We asked local composers about September 11th, and this is what they had to say:
My first thoughts of 9/11 are the literal cliche of "OMG, what's that on TV.. is it a movie?"
On 9/11/01, I was visiting my family an odd occurrence to be visiting them so late in September, but my Austin, Symphony and other duties just happened to be starting later in the month than usual. I sleep with the TV on and I just happened to have left it on CNN the night before--as my sleepy self started to register what was on TV the next morning I thought, " Wow, this is one of those creepy " real life" pretend disaster movies like the 1980s TV movie "Special Report" or "The Day After."
Of course then I realized to my horror, it was not a movie, and it was quite real . Then I heard the messages on the answering machine from my mother at work saying " As soon as you get up, you really need to turn on news, something very bad has happened in NYC."
My next thought was of concern for my NYC friends. I have always had many musician friends there but also at that time in one of my " other" work lives, I was writing a weekly column in a national TV magazine. I tried to call to make sure all of my magazine colleagues were OK and what would be the status of our deadlines.

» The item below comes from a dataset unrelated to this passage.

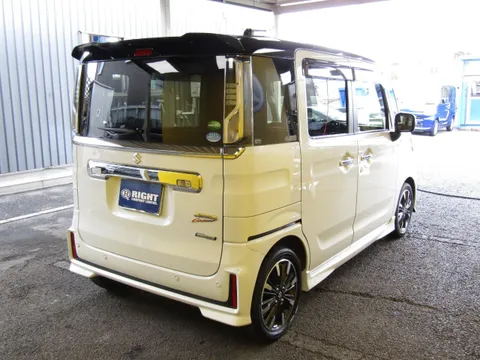 Suzuki Spacia Custom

Needless to say I couldn't get through and instead of beating my head against the wall of that, I took a deep breath and said a great deal of prayers and realized I would hear from them as soon as they could get through, which thankfully I did indeed hear from all the people I was trying to contact by the next morning. (This was my first feeling of guilt for worrying about mundane job issues , "The world is forever changed and many people's lives , both living and deceased from this event, are destroyed. Am I going to hell for worrying about when for heaven's sake my column about friggin' TV show analysis is due?")

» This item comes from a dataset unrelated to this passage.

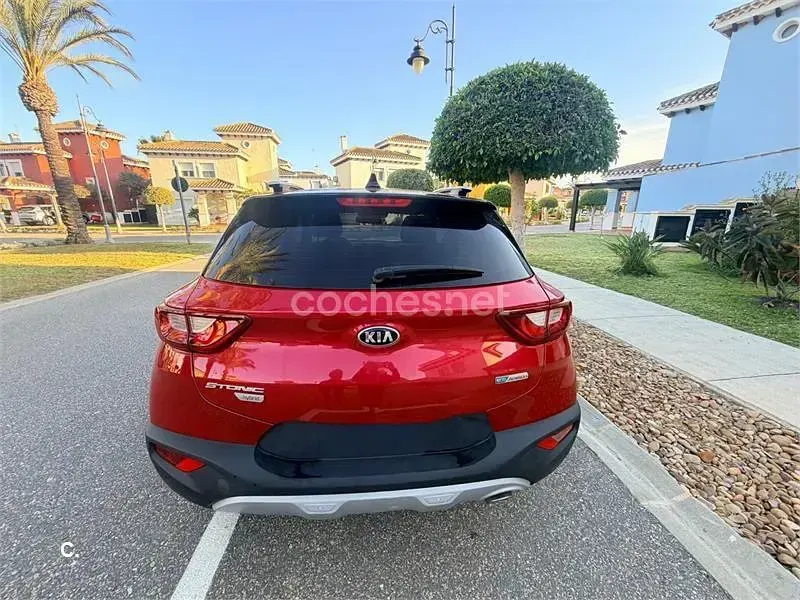 Używany Kia Stonic 100 KM (73 kW) 2021 Czerwony SUV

Then the immediate thought everyone is pondering in these guest blogs-- what shall I compose about this? I decided to take the very ironic route that I do in unspeakable tragedy :to attempt to write about trying to find hope where there seems to be none at the moment; to start searching for what possible redemption can be found in the aftermath of indescribable horror.
I do this because #1 : I think it's always quite the knee-jerk reaction to attempt to compose about all the horror and grief and I feel like tons of composers will already " go there" , as it were, and that they will do a better job of capturing THAT than I so I always look for a different approach-- and #2, I write SO Much music already tinged with Mahlerian darkness and angst that it seems almost insulting to the event and those who suffer the most deeply from said event If I just write something that is of the same color of all the music I write all the time anyway. I did the same thing when my father was killed in April 2009, I wrote a piece about redemption and ascension and my father (who had been ill for many years at the time he was killed) no longer being in any pain and now being in paradise with the Lord.

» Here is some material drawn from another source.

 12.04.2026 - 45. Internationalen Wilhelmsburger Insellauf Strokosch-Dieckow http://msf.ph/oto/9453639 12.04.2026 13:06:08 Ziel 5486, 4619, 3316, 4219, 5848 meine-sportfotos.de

Moving on to October 11th, I was astoundingly flattered and blessed to be invited to perform on a series I appear on regularly, the Thursday at Noon concerts at Central Presbyterian Church in Downtown Austin. This concert was actually televised in part marking the one month demarcation of the horrific event and I performed some Bach and the piece I had indeed completed in reaction to 9/11. (I wrote another Prelude for solo bass, one of the eventually completed in a set inspired by the Chopin/Bach model-- pieces for solo bass--one in each key. Being the avid Messaien worshiper/admirer/stealer I am== I chose Messaien's key center he used often for religious redemption and transformation-- and composed "To Arise in a Prayer of Hope" : Prelude in F Sharp Major. )
I, like everyone else, was still in a very strange state of sadness, mourning and edginess. I played the short concert, then did short TV interview. Then I was trying to process my feelings by going outside for a walk, a cigarette and some coffee. When I walked back into that sanctuary, there was a middle-aged lady with her hand on my bass.
Still being edgy, my first reaction was appalled horror. I controlled myself enough not to run up to her and say "Hey !! What are you doing?? Get off of that !! That's not furniture lady, that's my life-- get away from there!!" But by the time I walked up to her, she had turned around and began to say the following:
"Mr. Waddle, I am sorry to be putting my hand on your bass violin. But my stomach has hurt non-stop since I found out what happened a month ago today. While you were playing your piece you wrote and those Bach movements, for the first time, my stomach stopped hurting. I just had to touch the large piece of wood that this nice long-haired young man used to finally make my stomach stop hurting."
She said "Thank you" as a tear ran down her face and walked off.
I was now alone in the church, and after my hating myself for wanting to at first yell at her, then my knees quite literally buckled. I collapsed into the front pew and then shed many tears of my own. Both in mourning and also in thankfulness that my playing that day touched someone so profoundly.
Since this was before our ubiquitous texting and social networking and such, it still pains me that I never caught that lady's name.
P.S. I want to also express my thankfulness that on the weekend of the 10th Anniversary of 9/11, I will get to perform Strauss' Death and Transfiguration in my position with The Austin Symphony.